Neil Young‘s “Cripple Creek Ferry” popped up on my iPod the other day. What a great, little snapshot of a song. What’s that film-making device called, when the camera pulls back and you just know the ending credits are about to roll? I love songs that serve that role, be it at the end of either side of an album (see The Undertones‘ “Casbah Rock” as another fine example of what might be a future Glossary entry).

Anyhow, as I listened to “Cripple Creek Ferry” for the first time in probably 6 months I was reminded of yet another unfulfilled rock ‘n roll dream: to record a song with what I’ll call a Ragged Canadian Chorus. Two of my main musical colleagues over the years, andyr and E. Pluribus Gergely, cringe at this approach to backing vocals. Beside the fact that they’ve shot me down whenever I’ve suggested this approach and that we don’t have the chops to pull off such deceptively casual backing vocals, we’re not Canadian.

In my mind I initially termed the loose, dragging, community-style chorus of “Cripple Creek Ferry” the Ragged Hippie Chorus, but then it occurred to me that the next two examples I had of this style were by Canadian artists: Joni Mitchell‘s “Circle Game” and almost any song on my second-favorite album of all time, The Band’s s/t sophomore triumph. It must be a Canadian thing, because when American bands try this it either sounds like shit (eg, The Jefferson Airplane and The Grateful Dead) or is a little too smooth (anything involving JD Souther with a hand cupped over his ear). When English bands try this they sound like a bunch of paunchy guys at their local pub’s Celtic night (eg, Fairport Convention). Not that there’s anything wrong with that.

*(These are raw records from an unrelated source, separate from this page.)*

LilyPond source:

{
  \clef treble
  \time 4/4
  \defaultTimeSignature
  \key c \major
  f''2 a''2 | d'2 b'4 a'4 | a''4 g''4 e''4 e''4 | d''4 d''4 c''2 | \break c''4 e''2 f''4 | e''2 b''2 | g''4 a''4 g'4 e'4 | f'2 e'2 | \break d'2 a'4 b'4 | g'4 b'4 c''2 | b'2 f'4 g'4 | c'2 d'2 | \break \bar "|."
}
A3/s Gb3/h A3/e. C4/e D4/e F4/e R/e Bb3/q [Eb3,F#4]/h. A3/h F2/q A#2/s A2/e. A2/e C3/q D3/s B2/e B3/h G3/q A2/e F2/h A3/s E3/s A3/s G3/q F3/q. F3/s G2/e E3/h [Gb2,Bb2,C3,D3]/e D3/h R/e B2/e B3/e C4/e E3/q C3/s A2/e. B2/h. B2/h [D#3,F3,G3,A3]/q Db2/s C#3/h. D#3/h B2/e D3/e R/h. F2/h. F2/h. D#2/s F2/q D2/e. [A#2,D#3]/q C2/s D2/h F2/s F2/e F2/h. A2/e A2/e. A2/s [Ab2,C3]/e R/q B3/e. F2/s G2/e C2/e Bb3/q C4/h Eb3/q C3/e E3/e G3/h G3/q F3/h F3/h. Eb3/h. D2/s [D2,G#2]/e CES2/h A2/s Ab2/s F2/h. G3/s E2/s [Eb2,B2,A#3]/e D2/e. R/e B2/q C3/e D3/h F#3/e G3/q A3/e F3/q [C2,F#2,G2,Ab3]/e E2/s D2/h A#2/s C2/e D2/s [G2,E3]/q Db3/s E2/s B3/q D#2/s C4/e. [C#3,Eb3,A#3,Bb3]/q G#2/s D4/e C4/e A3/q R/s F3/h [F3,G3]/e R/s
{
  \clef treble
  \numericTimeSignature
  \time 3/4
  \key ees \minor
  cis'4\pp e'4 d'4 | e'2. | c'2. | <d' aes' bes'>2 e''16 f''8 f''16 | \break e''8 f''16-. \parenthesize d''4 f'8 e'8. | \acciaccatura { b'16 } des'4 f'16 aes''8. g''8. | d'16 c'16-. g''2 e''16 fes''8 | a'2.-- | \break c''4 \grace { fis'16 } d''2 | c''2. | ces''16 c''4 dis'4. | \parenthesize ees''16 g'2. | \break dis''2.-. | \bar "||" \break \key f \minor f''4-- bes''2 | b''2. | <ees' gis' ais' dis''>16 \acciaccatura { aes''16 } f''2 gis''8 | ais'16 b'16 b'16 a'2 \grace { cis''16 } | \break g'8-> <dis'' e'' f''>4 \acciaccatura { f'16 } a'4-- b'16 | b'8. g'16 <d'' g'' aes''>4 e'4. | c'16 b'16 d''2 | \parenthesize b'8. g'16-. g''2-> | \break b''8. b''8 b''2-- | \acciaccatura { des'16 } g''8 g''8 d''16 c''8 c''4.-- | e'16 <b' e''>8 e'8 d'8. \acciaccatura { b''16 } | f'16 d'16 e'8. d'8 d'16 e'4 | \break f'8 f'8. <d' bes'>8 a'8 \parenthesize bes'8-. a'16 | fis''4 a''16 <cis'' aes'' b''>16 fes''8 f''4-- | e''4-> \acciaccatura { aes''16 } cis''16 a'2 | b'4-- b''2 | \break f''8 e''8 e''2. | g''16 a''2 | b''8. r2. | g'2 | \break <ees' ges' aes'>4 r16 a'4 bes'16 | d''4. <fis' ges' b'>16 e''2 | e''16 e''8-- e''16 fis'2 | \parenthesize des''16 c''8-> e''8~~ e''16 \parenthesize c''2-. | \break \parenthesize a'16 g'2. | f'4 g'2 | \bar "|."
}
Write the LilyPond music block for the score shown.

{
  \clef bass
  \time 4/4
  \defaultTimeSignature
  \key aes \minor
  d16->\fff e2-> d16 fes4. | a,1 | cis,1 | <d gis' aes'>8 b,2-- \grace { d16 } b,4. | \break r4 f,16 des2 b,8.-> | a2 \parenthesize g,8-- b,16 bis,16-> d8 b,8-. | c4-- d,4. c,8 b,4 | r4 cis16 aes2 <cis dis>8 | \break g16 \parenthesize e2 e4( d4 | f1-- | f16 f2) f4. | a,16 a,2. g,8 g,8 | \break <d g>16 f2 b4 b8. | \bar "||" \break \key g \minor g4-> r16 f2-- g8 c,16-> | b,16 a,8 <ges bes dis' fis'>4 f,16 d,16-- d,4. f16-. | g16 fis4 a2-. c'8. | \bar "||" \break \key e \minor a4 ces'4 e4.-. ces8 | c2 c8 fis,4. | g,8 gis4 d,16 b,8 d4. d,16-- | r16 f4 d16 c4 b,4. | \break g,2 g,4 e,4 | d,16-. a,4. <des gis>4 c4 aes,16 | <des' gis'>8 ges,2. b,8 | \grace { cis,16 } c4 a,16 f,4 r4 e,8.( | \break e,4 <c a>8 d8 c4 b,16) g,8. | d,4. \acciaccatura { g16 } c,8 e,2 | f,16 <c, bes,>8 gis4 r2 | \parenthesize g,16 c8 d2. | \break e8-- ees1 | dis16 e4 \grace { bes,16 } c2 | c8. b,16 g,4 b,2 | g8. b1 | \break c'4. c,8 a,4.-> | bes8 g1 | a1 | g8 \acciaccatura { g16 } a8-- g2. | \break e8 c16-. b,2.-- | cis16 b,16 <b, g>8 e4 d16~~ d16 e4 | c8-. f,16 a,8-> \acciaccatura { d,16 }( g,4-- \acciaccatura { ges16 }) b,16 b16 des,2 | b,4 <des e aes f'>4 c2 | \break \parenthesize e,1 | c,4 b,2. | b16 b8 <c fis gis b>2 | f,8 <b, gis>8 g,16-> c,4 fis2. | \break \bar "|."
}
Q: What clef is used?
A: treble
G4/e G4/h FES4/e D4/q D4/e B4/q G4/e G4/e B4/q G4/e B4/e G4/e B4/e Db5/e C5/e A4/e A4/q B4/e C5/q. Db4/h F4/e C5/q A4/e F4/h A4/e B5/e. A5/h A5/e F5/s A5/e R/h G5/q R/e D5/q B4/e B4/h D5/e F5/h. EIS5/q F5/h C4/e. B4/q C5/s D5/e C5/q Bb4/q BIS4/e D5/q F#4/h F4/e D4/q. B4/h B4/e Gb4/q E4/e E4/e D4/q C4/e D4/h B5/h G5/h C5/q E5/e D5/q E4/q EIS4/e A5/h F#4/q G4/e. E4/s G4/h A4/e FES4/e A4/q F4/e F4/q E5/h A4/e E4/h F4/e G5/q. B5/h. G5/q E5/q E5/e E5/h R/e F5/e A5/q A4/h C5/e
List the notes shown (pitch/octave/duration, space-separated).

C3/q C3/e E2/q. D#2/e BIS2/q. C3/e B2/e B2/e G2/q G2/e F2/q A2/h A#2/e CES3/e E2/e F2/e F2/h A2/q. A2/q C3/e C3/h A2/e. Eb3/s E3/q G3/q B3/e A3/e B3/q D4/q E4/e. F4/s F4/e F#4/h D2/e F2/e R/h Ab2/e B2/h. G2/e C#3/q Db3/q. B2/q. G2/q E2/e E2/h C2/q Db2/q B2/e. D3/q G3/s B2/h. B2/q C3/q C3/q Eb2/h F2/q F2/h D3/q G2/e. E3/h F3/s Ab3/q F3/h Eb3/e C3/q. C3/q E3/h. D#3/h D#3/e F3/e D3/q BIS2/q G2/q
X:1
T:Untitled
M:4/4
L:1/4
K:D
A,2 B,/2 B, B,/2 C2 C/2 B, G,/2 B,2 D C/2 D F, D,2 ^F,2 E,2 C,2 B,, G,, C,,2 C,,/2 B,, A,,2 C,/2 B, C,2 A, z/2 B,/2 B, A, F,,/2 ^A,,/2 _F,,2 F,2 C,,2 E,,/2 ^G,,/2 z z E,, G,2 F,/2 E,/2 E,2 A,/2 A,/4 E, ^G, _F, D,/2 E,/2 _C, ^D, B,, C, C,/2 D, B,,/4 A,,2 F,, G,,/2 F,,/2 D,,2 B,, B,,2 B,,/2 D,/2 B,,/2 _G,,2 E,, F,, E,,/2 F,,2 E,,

The Canadians do it just right. I love how it sounds like a group of friends is hanging around in a booze-and-smoke–filled cabin, when the lead singer decides to play everyone his or her new song and then the friends casually feel motivated to sit up and join in on the chorus. I imagine lots of curly hair and denim, tightly fitting plaid shirts with 3 buttons undone, a thumb hitched in one singer’s front jeans pocket and another singer’s four fingers shoved down a tight back pocket. Fresh sensations of recent bed-hopping within the circle of friends hang in the air along with the pot smoke. The ritual cult-like effect of the Ragged Canadian Chorus is both soothing and slightly unnerving.